▶ _WORK TO COMPLETE_:
Search the data below for the string "Control". Extract every line that contains it.

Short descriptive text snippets
===

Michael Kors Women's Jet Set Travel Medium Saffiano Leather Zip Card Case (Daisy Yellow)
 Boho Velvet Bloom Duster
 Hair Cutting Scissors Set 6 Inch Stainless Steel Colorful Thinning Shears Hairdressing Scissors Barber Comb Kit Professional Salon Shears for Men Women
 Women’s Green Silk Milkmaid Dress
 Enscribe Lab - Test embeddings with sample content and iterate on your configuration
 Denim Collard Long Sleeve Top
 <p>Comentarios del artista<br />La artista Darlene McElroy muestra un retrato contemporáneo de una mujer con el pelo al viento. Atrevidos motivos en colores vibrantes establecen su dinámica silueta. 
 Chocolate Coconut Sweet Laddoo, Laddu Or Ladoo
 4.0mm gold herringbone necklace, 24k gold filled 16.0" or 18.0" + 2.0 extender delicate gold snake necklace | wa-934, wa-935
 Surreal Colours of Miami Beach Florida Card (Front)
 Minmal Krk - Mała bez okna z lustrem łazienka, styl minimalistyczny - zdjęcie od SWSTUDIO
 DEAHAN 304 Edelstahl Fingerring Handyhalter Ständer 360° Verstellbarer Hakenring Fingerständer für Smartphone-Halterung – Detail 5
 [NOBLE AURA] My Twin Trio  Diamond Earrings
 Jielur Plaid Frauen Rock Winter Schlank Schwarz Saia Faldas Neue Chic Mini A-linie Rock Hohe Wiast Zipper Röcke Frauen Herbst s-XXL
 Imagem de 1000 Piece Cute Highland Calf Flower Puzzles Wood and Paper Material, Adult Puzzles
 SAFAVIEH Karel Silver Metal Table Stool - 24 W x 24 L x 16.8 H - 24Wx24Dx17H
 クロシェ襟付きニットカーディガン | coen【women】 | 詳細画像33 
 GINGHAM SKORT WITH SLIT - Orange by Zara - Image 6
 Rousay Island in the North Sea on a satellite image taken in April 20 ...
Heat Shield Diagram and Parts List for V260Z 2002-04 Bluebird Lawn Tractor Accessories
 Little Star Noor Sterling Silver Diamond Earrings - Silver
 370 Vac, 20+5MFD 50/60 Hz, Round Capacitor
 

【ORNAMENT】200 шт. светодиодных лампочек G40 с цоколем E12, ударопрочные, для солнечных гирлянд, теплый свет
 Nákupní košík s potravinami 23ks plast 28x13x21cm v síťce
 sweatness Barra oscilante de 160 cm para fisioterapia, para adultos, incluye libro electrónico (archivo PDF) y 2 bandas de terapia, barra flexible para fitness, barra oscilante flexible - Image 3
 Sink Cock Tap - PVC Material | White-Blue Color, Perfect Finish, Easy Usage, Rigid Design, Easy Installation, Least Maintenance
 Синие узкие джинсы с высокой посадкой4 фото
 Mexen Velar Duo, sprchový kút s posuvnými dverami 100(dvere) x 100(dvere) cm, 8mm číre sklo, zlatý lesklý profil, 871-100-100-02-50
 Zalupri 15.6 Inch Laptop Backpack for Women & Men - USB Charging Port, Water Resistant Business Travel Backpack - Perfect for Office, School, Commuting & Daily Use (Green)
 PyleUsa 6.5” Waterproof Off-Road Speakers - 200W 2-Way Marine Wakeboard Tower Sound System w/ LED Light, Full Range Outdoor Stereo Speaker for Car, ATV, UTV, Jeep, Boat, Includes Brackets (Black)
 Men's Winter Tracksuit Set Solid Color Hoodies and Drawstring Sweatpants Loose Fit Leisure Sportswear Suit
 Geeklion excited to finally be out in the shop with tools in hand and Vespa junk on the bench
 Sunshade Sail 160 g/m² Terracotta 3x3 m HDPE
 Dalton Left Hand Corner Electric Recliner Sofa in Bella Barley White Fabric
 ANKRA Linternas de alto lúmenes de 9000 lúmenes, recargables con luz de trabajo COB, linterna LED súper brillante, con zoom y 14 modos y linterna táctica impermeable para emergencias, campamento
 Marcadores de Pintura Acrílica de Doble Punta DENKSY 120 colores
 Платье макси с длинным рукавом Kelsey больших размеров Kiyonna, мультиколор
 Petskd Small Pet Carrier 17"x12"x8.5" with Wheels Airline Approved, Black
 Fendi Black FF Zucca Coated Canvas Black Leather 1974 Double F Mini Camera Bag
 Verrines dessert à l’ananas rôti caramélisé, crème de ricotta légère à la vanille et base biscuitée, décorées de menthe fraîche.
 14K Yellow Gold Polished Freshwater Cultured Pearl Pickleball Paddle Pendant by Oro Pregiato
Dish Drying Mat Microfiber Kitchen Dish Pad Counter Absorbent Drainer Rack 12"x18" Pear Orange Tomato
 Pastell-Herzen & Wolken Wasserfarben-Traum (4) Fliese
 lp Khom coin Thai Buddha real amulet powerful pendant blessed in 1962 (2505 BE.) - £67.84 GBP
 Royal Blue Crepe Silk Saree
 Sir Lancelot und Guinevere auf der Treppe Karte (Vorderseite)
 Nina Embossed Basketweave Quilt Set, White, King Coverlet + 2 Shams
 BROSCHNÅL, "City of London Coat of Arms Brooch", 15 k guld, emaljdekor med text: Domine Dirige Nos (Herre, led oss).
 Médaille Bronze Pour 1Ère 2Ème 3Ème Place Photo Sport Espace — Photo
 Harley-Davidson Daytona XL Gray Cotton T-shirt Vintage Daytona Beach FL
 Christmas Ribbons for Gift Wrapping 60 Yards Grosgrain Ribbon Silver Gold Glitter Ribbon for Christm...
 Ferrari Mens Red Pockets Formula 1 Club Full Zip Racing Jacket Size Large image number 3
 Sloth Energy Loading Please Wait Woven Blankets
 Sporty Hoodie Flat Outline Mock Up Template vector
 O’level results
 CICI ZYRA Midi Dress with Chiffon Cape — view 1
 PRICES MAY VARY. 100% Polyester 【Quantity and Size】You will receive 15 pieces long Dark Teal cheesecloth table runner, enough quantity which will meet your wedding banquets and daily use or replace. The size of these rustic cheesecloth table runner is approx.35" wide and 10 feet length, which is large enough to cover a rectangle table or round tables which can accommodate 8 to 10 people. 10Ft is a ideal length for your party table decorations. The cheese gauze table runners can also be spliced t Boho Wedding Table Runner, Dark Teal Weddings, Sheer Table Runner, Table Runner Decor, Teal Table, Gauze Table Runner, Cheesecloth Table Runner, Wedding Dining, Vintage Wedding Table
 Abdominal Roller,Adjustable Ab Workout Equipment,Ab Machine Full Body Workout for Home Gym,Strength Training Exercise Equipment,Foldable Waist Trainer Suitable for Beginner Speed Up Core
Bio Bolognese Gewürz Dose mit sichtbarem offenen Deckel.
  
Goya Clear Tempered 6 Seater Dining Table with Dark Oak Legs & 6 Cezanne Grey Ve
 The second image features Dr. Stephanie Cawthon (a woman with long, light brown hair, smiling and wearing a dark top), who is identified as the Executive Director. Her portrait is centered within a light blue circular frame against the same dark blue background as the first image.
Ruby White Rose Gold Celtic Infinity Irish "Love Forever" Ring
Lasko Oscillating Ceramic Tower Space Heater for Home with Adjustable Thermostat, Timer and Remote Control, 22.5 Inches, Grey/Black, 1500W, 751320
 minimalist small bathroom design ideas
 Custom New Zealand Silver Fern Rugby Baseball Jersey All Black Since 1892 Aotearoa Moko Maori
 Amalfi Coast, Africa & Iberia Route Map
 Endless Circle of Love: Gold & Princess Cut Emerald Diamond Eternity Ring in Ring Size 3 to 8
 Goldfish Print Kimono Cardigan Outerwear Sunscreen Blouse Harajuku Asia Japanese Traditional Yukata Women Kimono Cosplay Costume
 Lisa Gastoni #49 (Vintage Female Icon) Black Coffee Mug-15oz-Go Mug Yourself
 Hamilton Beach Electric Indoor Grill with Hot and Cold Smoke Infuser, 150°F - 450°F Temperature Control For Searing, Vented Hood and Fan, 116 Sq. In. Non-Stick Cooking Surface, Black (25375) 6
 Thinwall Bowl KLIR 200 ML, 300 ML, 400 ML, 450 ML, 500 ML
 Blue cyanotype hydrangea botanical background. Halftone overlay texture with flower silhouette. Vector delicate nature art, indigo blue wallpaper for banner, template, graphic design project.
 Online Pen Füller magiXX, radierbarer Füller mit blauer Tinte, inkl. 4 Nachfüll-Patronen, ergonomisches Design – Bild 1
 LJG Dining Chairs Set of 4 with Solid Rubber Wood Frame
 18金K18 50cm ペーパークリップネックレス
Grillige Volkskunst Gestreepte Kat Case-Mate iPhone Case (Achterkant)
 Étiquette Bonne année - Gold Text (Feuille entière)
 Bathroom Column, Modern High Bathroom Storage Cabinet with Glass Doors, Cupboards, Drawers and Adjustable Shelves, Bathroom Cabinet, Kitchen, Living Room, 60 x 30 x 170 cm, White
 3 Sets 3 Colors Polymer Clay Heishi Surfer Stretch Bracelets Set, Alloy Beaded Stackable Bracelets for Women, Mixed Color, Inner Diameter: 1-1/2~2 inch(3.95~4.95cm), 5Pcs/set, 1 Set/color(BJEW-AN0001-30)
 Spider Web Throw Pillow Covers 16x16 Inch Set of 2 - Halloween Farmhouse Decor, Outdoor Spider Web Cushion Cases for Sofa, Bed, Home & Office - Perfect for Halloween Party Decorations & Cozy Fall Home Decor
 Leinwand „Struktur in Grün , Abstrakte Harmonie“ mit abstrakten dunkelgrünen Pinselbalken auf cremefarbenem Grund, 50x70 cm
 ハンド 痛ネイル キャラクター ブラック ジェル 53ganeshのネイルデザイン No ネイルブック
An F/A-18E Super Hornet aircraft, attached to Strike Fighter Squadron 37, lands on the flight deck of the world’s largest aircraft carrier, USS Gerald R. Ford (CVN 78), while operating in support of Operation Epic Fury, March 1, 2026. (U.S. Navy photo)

===

▶ _RESPONSE TO THIS TASK_:
Lasko Oscillating Ceramic Tower Space Heater for Home with Adjustable Thermostat, Timer and Remote Control, 22.5 Inches, Grey/Black, 1500W, 751320
 Hamilton Beach Electric Indoor Grill with Hot and Cold Smoke Infuser, 150°F - 450°F Temperature Control For Searing, Vented Hood and Fan, 116 Sq. In. Non-Stick Cooking Surface, Black (25375) 6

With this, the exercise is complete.